Pierre Soulages rendait hommage il y a deux jours à l'historien médiéviste
Jacques le Goff qu'il avait rencontré à Conques : « Nous nous sommes véritablement rencontrés à Conques dans cette abbatiale Sainte-Foy au sein de laquelle j'ai recréé les vitraux. […]
Jacques le Goff a défendu l'intervention de l'art contemporain dans les monuments du passé car une oeuvre du XXè siècle, disait-il, peut être fidèle au XIè ou au XIIè siècle tout en lui apportant un éclairage nouveau. Son soutien, son regard et sa façon inouïe de donner une épaisseur à la vie médiévale sont inoubliables, tout comme son attention aux êtres aux autres. »
En écho à ce propos, ce catalogue de 2003 paru à l'occasion d'une exposition à la Bnf de son oeuvre gravé où Soulages revient sur cinquante ans de création dans un entretien avec
Pierre Encrevé. Il évoque la démarche qui fut la sienne à Conques et son approche créatrice qui permettent de mieux saisir l'homme peintre, créateur de vitraux ou d'estampe. Pour les vitraux de l'abbatiale Sainte-Foy, il raconte en effet que n'ayant trouvé nulle part la qualité de verre qu'il espérait, il s'est mis lui-même à le fabriquer : sept ans (1987-1994) seront nécessaires pour finaliser l'oeuvre de Conques. En devenant créateur du propre matériau de son oeuvre, il met ses pas dans ceux qui l'ont précédé au Moyen-Age, ce qu'a si bien perçu
Jacques le Goff. Un livre très important de ma bibliothèque : paroles d'un grand artiste.
Dans l'ouvrage,
Pierre Soulages explique que cette démarche de Conques est celle qui a conduit aussi sa pratique de l'estampe, conçue comme création originale pure. Traditionnellement une eau-forte est une oeuvre issue d'une matrice gravée dont c'est l'empreinte finale sur papier qui révèle l'intention artistique. La division des tâches est telle que plusieurs personnes peuvent les effectuer (c'était le cas autrefois) : dessin sur une plaque de cuivre vernie à l'aide d'une pointe, morsure à l'acide puis encrage et impression. A partir de 1957,
Pierre Soulages voit dans chaque étape une possibilité de création : son travail radical sur la plaque de cuivre, par exemple, laisse soudain la place à l'imprévu, à l'accident par l'usage prolongé qu'il fait de l'acide sur cette matrice (jusqu'à la trouer par corrosion excessive), montrant que c'est la totalité d'une expérience créatrice qui l'intéresse dans le processus de réalisation d'une oeuvre. L'intervention d'un « hasard accepté » comme il le nomme devient déterminant. le même impératif accompagne la lithographie et la sérigraphie. Il devient l'inventeur de ce qu'
Emmanuel Pernoud, qui signe également un essai dans le catalogue, appelle « L'estampe matricielle ».

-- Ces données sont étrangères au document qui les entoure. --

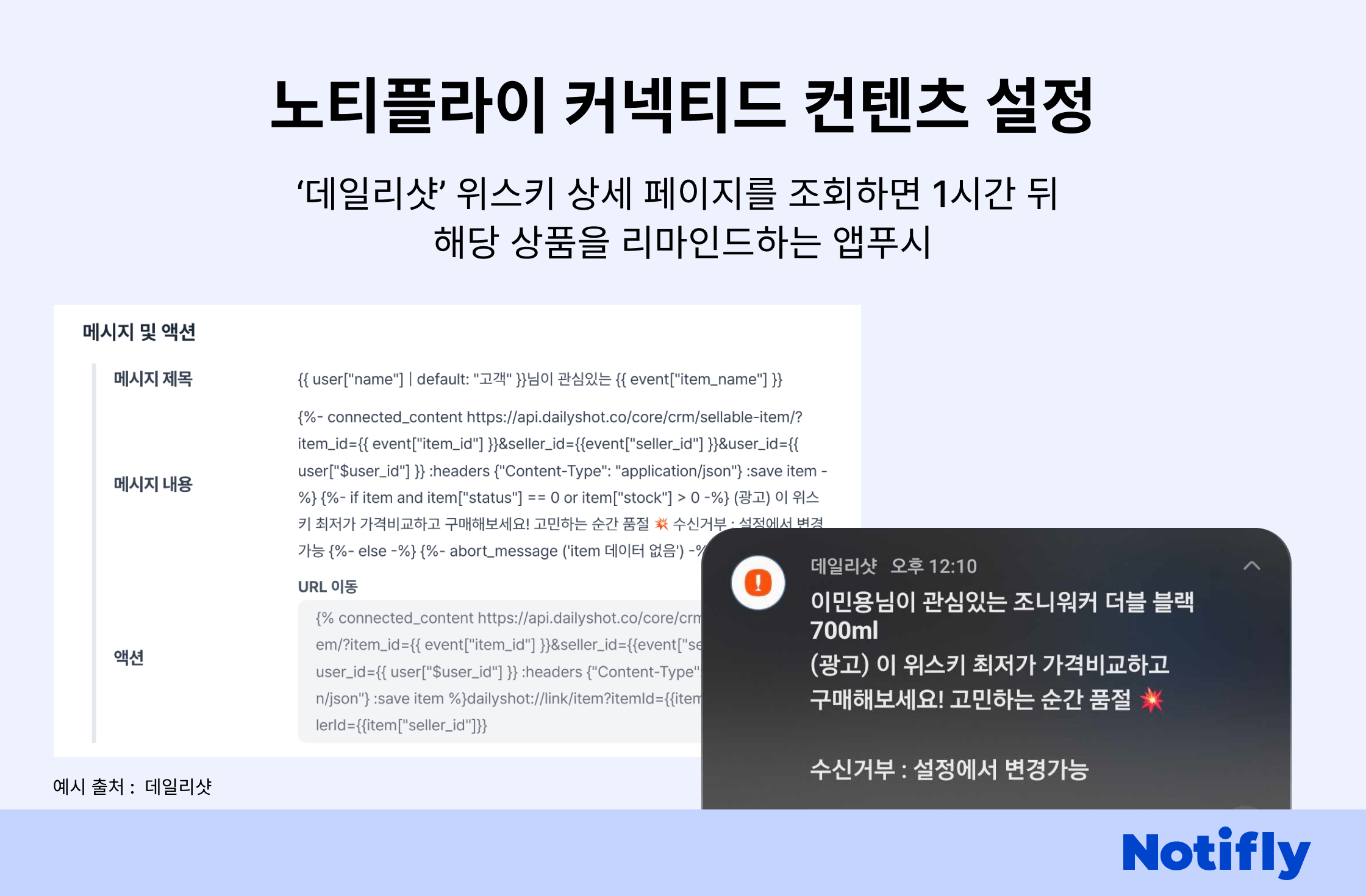 노티플라이 통해 데일리샷에서 커넥티드 컨텐츠를 활용한 사례&nbsp;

Pierre Soulages prend ainsi une place novatrice majeure dans la création d'estampe, équivalente à celle qu'il occupe en peinture. L'artiste n'établit d'ailleurs aucune hiérarchie entre les deux arts. La plupart de ses estampes sont créées entre 1957 et 1974. le tournant pris par sa peinture après 1979, la période qu'il appelle « outrenoir », laisse supposer des relations fortes entre la peinture et l'estampe qui sont également commentées et analysées dans l'ouvrage par
Pierre Encrevé, auteur du catalogue raisonné de son oeuvre peint.

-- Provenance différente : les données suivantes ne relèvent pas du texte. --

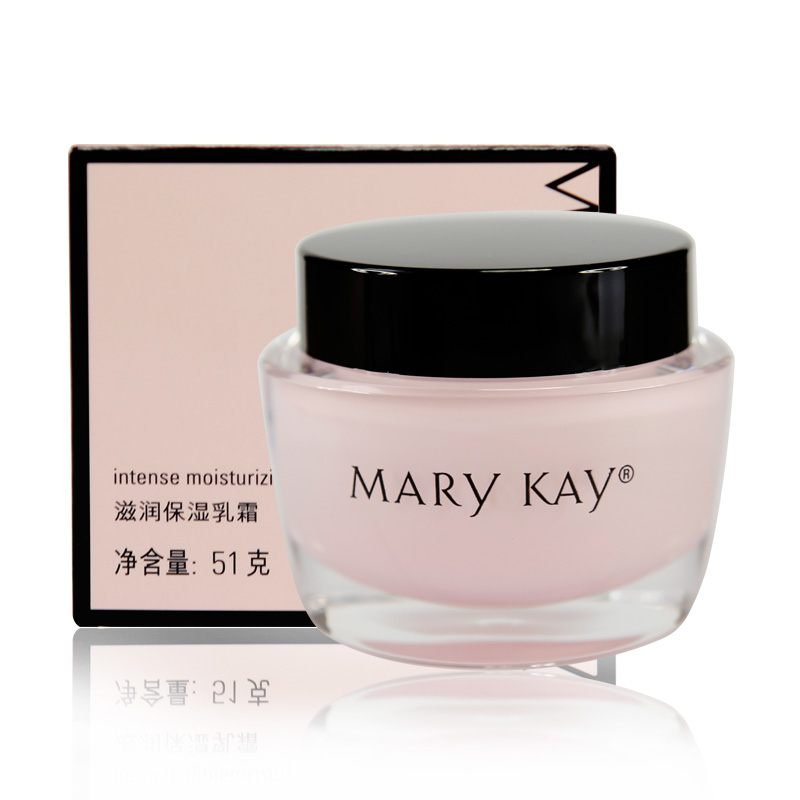Marykay/玫琳凯滋润保湿乳霜51g面霜补水保湿锁水化妆品专营店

Chez Soulages, ce qui unit l'oeuvre gravé, l'oeuvre peint et les vitraux de Conques, c'est la lumière comme instrument et comme recherche.
L'oeuvre gravé de Soulages est entièrement reproduit ici sous sa direction et invite à réfléchir sur l'art abstrait (formulation qu'il trouve « désastreuse » !) : 118 oeuvres à la date de cette exposition organisée par la Bnf du 27 mai au 31 août 2003 : 43 eaux-fortes, 49 lithographies et 26 sérigraphies. Des estampes très rares, des Merveilles.